Regardless of the result, his signs of drastic improvement in Kalos foreshadows what’s to come in his next tournament, the inaugural Manalo Conference. This tournament features, by far, the savviest decisions by Pokémon trainers ever depicted in the anime. Even Ash’s choice to bring a completely unevolved Rowlett against a fully evolved Decidueye at least follows the rules of type-advantage.

The only problem with the competitive integrity of this league is its format. The first few battles allow trainers to use just a single Pokémon, the semifinal lets trainers use two and the finals allow three. And despite the glut of strong trainers who Ash faces, the fact that he doesn’t use a full team of six Pokémon in any of his battles takes some of the prestige out of his eventual victory.

Yet despite the short battles, Ash overcomes Hao’s evolutionary disadvantage and Guzma’s switch-centric combination of Scissor and Golisopod to return to the finals for the second time in his career. This time he’s facing off against his rival Gladion, who has nothing but tricks up his sleeve.

Gladion starts with his Silvally, which can change its type mid-battle. In an attempt to catch Gladion by surprise, Ash uses his newly evolved Melmetal. Unfortunately, this gambit fails because Melmetal is too slow to land an attack. Fortunately Pikachu is able to come in and finish the job, and also fight through the illusion-creating Zoroark. This comes at the cost of Pikachu, however, as both trainers trade powerful Z-moves.

That brings us back to the big moment: Gladion’s Lycanroc against Ash’s. Ash wins by using Counter in a way that’s not possible to replicate in the game. Normally, Counter only works when a Pokémon has been hit by another attack. Since Pokémon only move once per turn, it shouldn’t be possible for Ash to retaliate off of the first Counter. Doing so would mean one player was attacking twice in one turn. However, because the anime world of Pokémon isn’t bound by the same rules as the game, Ash’s perseverance becomes his crowning moment. For once, he makes few mistakes, and deploys creative strategies no one else could think of to achieve the victory that he, and his fans, had been craving since his journey began.


After examining everything Ash had to go through to win his first championship, I’ve come to the conclusion that determining whether he’s a good Pokémon trainer is probably more nuanced and less exciting than fans would like it to be.

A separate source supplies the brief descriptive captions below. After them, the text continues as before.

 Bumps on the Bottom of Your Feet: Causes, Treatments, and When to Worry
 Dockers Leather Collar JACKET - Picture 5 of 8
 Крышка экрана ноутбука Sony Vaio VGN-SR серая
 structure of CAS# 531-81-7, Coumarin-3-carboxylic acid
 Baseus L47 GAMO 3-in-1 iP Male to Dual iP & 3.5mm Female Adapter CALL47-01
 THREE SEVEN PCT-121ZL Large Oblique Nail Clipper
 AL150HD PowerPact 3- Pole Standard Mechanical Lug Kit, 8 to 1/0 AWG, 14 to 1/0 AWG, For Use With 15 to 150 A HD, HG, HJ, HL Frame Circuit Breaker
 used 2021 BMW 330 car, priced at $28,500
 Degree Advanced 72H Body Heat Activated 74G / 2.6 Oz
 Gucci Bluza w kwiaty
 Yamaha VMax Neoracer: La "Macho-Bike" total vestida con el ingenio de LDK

Ash is a good Pokémon trainer, though probably not as good as he should be. Anyone who accuses him of being garbage is probably judging him disproportionately on his atrocious early performances. But after looking at Ash’s entire body of work, and also considering the unique challenges he faces when compared to real-life trainers, it’s safe to say he is fairly talented.

Despite essentially starting from scratch in almost every region he enters, Ash consistently assembles teams that can compete with the best trainers around. He also makes up for occasional lapses in judgement with a fair bit of creativity and determination.

Yes, he should probably know by now that his Pikachu can’t Thunderbolt a ground-type. Yes, if he spent some time catching and raising a diverse, fully-evolved team, he’d probably score easy wins.

Consistency is hard to achieve in Pokémon, whether in the anime or competitive tournaments. Only a single player, Ray Rizzo, has won the World Championships more than once, and few champions have even come close to a repeat performance. The sign of a great player is the ability to make the most out of the options at their disposal and navigate an unpredictable field of opponents and obstacles before them. Ash does that in each and every league he participates in, getting better every time. It’s time the Pokémon community recognizes how impressive that is.